▶ [ENTRIES SHOWN]:
________________
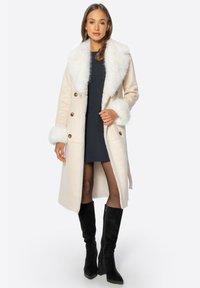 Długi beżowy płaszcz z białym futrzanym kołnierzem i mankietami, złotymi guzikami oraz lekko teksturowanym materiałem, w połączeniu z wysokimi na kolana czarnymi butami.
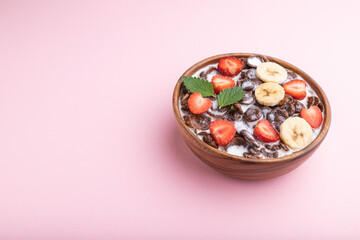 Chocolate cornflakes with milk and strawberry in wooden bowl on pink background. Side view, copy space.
________________
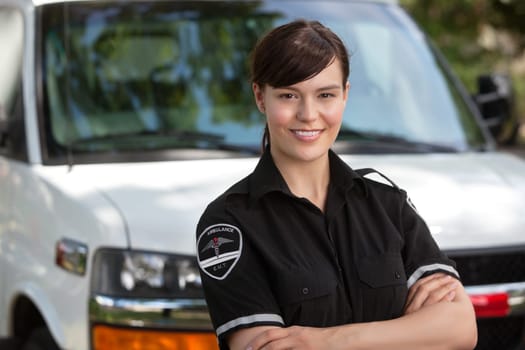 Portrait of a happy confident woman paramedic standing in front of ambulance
________________
▶ [WORK INSTRUCTION]:
Given the records above, return the lines starting at the one that holds "Długi beżowy płaszcz" and ending at the one that holds "Chocolate cornflakes with", exactly, and nothing besides; leave every picture out.

▶ [ANSWER BELOW]:
 Długi beżowy płaszcz z białym futrzanym kołnierzem i mankietami, złotymi guzikami oraz lekko teksturowanym materiałem, w połączeniu z wysokimi na kolana czarnymi butami.
 Chocolate cornflakes with milk and strawberry in wooden bowl on pink background. Side view, copy space.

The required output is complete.